今回の特集は、LSI配線技術において現在精力的に研究開発のすすめられているCu/Low-k integrationについて特にプロセスサイドからの最新の話題を取り上げた。今回の研究会は、電子情報通信学会シリコン材料デバイス研究会(最上徹:NEC)、応用物理学会応用電子物性分科会、シリコンテクノロジー分科会の共催で開催したものである。研究会企画は、最上徹委員長ならびに上野和良幹事(共にNEC)のご尽力によるものである。
さて、研究会では配線技術のオーバービューとして、広島大の吉川教授が"ULSI多層配線技術の課題"と題して講演した。縮小化に伴って、配線のスケーリング則が変わらざるを得ないことや、配線遅延限界を打破するために伝送線路技術を用いた高速配線技術開発の必要性や、感光性樹脂を用いた低コストプロセスが報告された。質問ではクロックスキューに関する議論等があった。
NECの林氏による"低誘電率有機膜を用いたCuダマシン多層配線プロセス設計とその実証"と題した講演では、有機低誘電率膜SiLKを用いたデュアルハードマスクプロセス、エッチングプロセス、インテグレーションが報告された。質問として、配線溝深さの制御性等があった。
NTTの斎藤氏による"感光性樹脂を用いたCuダマシンプロセスによるオンチップ厚膜配線"では、LSIチップ上に厚膜の感光性樹脂をはさんで厚膜Cu配線パターン(インダクタ素子など)を形成する技術が報告された。高周波数化に伴う損失低減にも応用できる技術であり、損失低減効果の樹脂膜厚依存性などの質問があった。
富士通研究所のA.Hobbs氏の「Cu配線におけるグレイン及び微小ボイドの発生」と題した講演では、熱処理によるCu配線の粒径変化が、線幅に近い0.2μmを境に、(111)などの低い面指数からなる大きいグレインと高次の面指数の小さなグレインに変化すること、ボイドが再分布することが報告された。グレインサイズと面方位についての成長メカニズムに対する質問やCu配線の信頼性に関しての質問があった。

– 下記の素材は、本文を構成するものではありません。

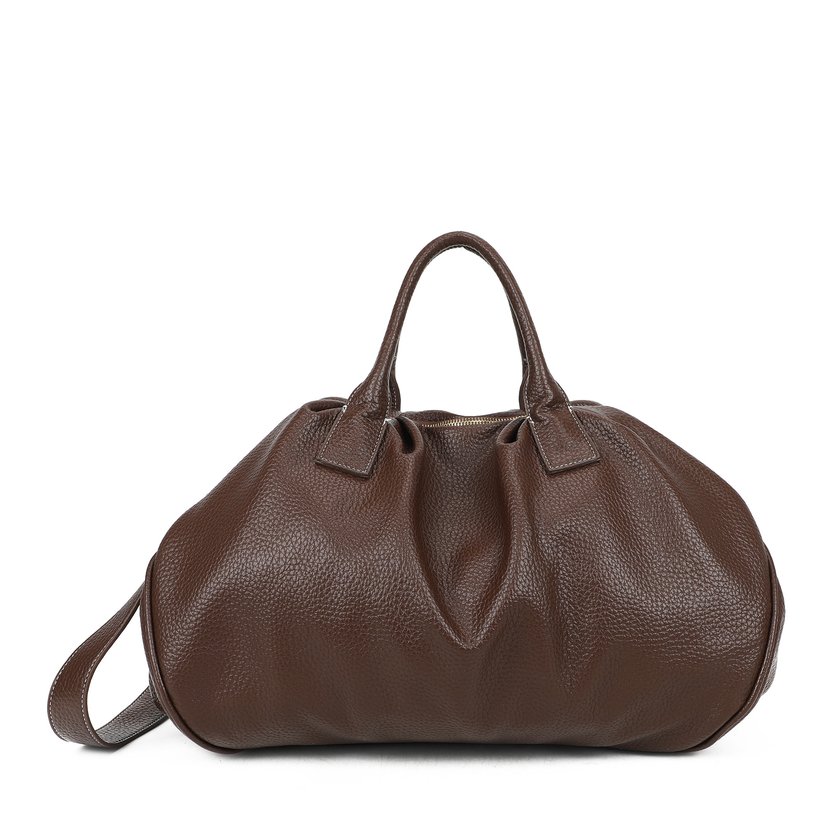 Wrinkled Shopper Bag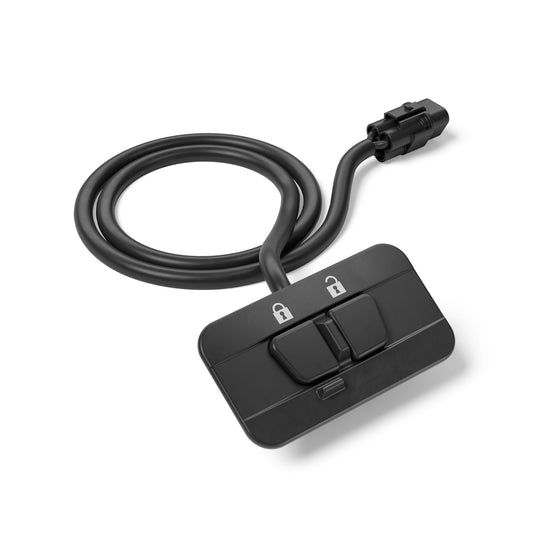 Interruptor de bloqueo sin llave para maletas superiores y laterales - TRACER 9 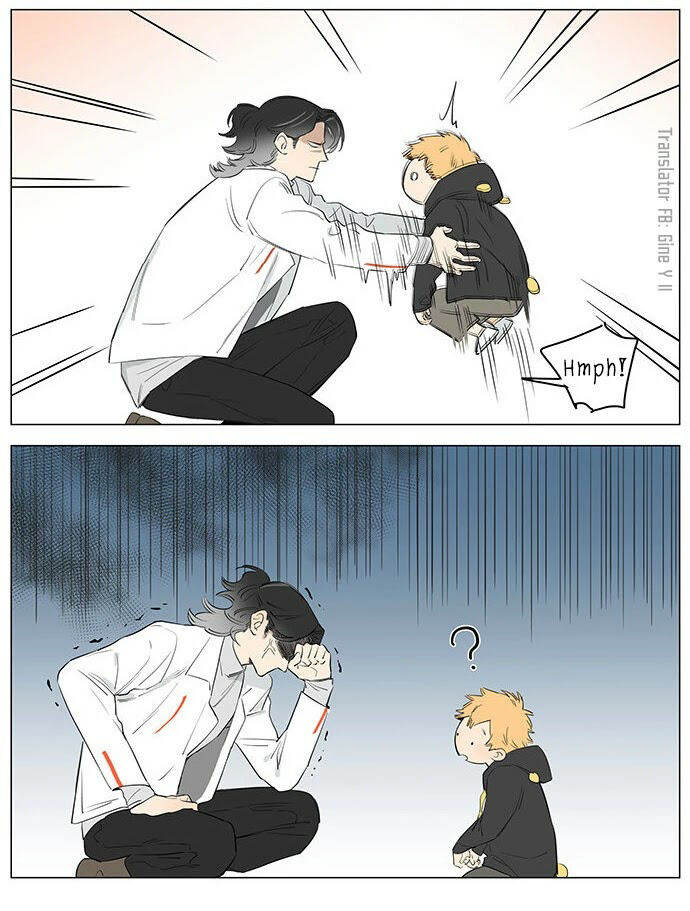 Baca Papa Wolf and the Puppy - Chapter 38 halaman 5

日立中研の武田氏からの「ダマシンCu配線における絶縁劣化現象」と題した講演ではCu/PTEOS/PsiN/Cu構造のTDDB寿命に対して、水素アニールで効果がなく、水素プラズマやアンモニアプラズマで効果があることが報告され、この理由などの関連する質問があった。
広島大学の尾田氏からは「低誘電率層間絶縁膜中のリン添加効果によるCuイオンドリフト抑制効果」と題した講演では吸湿性、リンの膜中への入り方やB-T処理に関するドリフトと拡散についての解釈の質問がなされた。
アネルバ・プロセス研究所、関口氏の「CVD法によるCuめっき用下地膜の真空一貫Barrier/Cu Seed積層製膜」と題した講演では、CVD法を用いたCu積層に関してのNH3添加による段差被覆特性の向上やプラズマ処理によるCu Seed膜の密着性向上についての報告があり真空一貫の有効性について質問があった。
ASETの福田氏からの「Low-k材用の誘電率の理論的導出-k<1.5の配線プロセスを目指して-」と題した講演ではLow-k材用に対して電子分極、イオン分極、配向分極を考慮した複素誘電率の導出と実測についての報告がなされ、測定値の理論的解釈についての質問があった。
ダウ・ケミカルの井田氏からは「半導体用SiLK誘電体樹脂のインテグレーションプロセスへの適応について」と題して、開発中の有機芳香族系樹脂について種々の硬化条件に対する材料特性についての報告がなされ、酸素濃度裕度、電気特性についての質問があった。
日本真空技術の山田和弘氏は「新型Low-kシリカ膜〜高規則性を有した空孔構造」と題して、直径3nm程度の空孔配列を有するSiO2薄膜のLow-k材料としての吸湿・温度特性についての報告がなされ、空孔の構造、作製・評価についての質問があった。